Human Consumption beans
For the very best quality beans, the human consumption export market now offers a huge premium over feed of up to £100/t which is up to £350/t ex, a very firm market in the face of a lack of supply from both northern and southern hemispheres. These levels are likely to remain until the new crop is imminent.
Allowances continue to be made for up to 25% bruchid damage, allowing for costs incurred for the upgrading of whole beans to 8-10% defects before shipping.
Following the disappointments of 2018 harvest, there appear to be few growers willing to sell the crop ahead at this stage, preferring to see how well it establishes with a clearer estimate of yield before offering. The market is offering encouragement, with new crop values suggested at £25-35/t over feed bean values (up to £230/t ex).
The historic crop disincentives for pea growers live long in the mind, and despite the well-reported increases in contract values for quality peas, the increase in interest may only be enough to arrest the area decline in 2019.

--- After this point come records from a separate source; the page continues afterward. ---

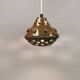 Small ceramic hanging lamp, Danish from the 1960s-1970s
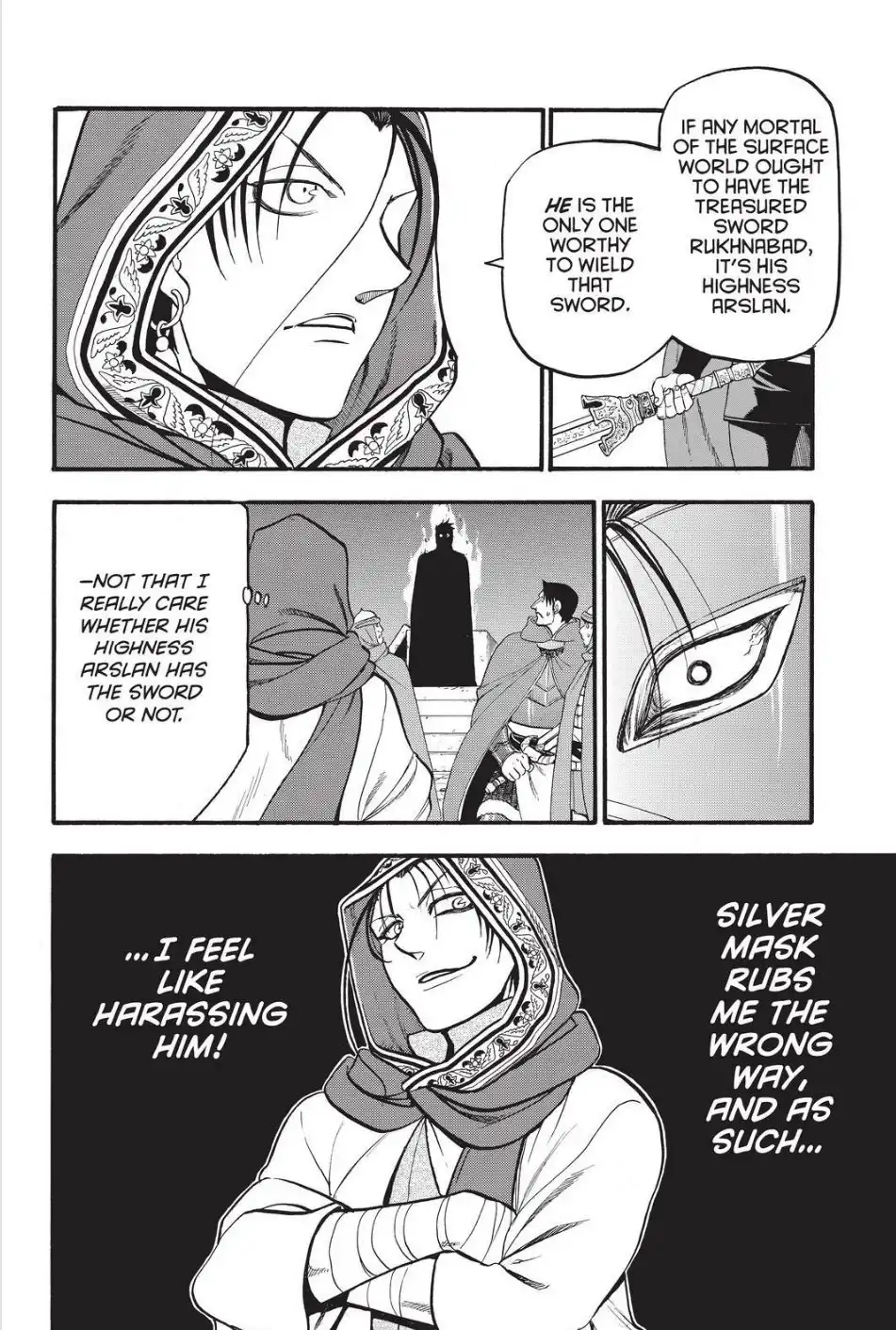 Arslan Senki (ARAKAWA Hiromu) Chapter 78 22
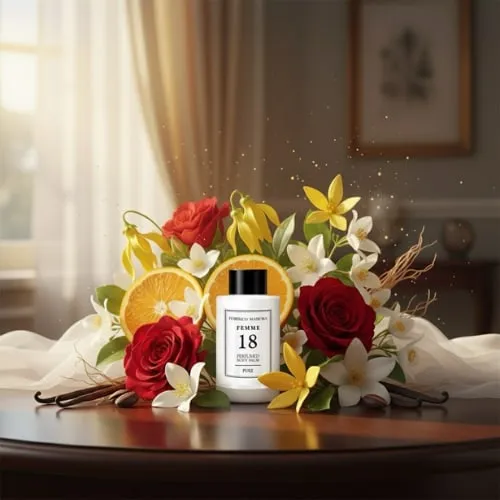 Perfumowany balsam do ciała 18 50 ml PURE FM WORLD – zdjęcie aranżacyjne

Committed growers will be pleased with the upturn in contract values and growers who are prepared to put in the effort to produce a good quality crop will put themselves in a position to potentially reap the rewards in 2019.
There remain few good quality peas of any type in the market and production contracts for all types are available for 2019 crop.
Values are relatively unchanged. For good quality peas around £325/t - £340/t ex can be expected, whereas bleached samples will fetch less than £300/t ex.
New crop is thought to be mostly on contracts which vary with minimum and maximum ranges and base prices with bonuses and deductions clearly outlined. An opportunity of £350/t ex or more is generally realistic.
Large blue peas
Values are as high as £325/t ex for top quality samples with a discount of at least £25/t for bleaching of over 10%.
New crop blue peas are contracting at around £280/t ex with a range of approximately £250- £300/t ex depending on quality parameters.
These still remain of little domestic interest with uncertain values. The market is uncertain of availability and pea imports for feed have a more predictable and stable supply chain. The regular local market for UK yellows is small. Contracts for crop 2019 are available on terms between £222 - £275/t ex.
Maple peas and Tic beans
They represent a very niche market alternative. There has been no reported farm trade for some time. The traditional market for Maple peas and Tic beans is the pigeon trade. It is a small market and is believed to be declining. With nothing in the market place, the values are high with contracts available at up to £350/t for maple peas. Tic beans have a premium over feeds beans of perhaps £30/t.